* [ASSIGNED TASK] Repeat the data word for word and skip the pictures.

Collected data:
┏━━

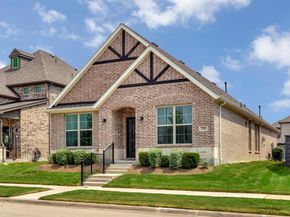 7205  Willow Thorne Drive , Little Elm Texas 76227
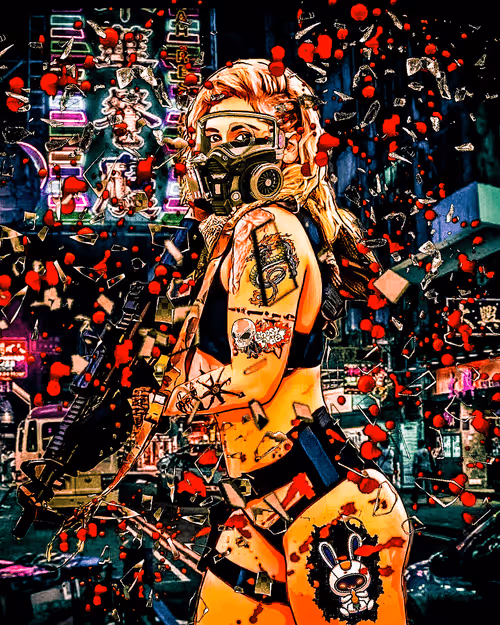 Item #95319167868224815689923548876686588179802448172989370987240478209972809760769 Media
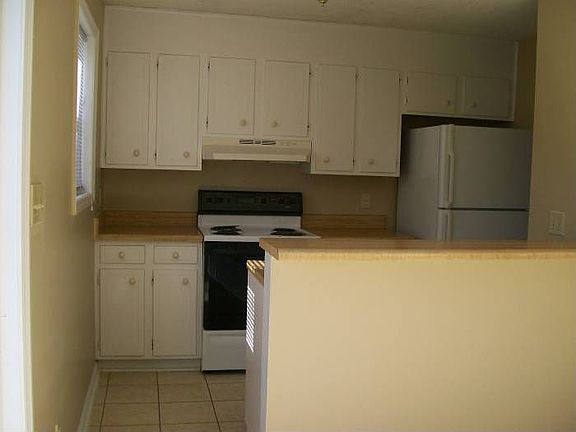 White Cabinets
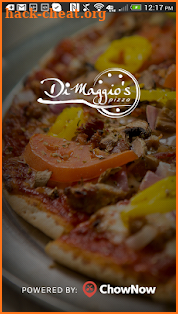 DiMaggio's Pizza screenshot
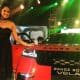 Anchor Reena Dsouza hosts the launch of Range Rover Velar in Bangalore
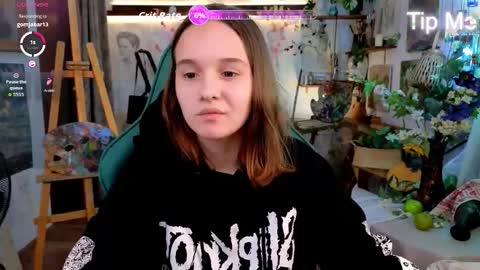 melissaravel online show from 18, 3, 2026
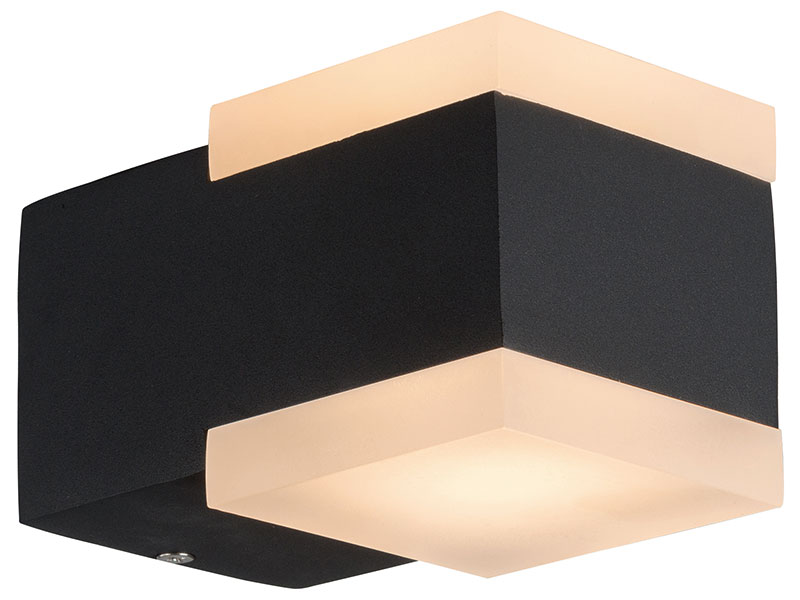 Outdoor Garden Lamp Vigo Brass
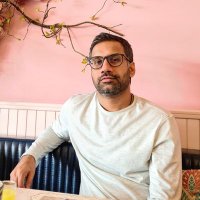 Faizan Ali (@faizanli) 's Twitter Profile Photo Faizan Ali (@faizanli) 's Twitter Profile Photo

┗━━

* [YOUR RESPONSE]
 7205  Willow Thorne Drive , Little Elm Texas 76227
 Item #95319167868224815689923548876686588179802448172989370987240478209972809760769 Media
 White Cabinets
 DiMaggio's Pizza screenshot
 Anchor Reena Dsouza hosts the launch of Range Rover Velar in Bangalore
 melissaravel online show from 18, 3, 2026
 Outdoor Garden Lamp Vigo Brass
 Faizan Ali (@faizanli) 's Twitter Profile Photo Faizan Ali (@faizanli) 's Twitter Profile Photo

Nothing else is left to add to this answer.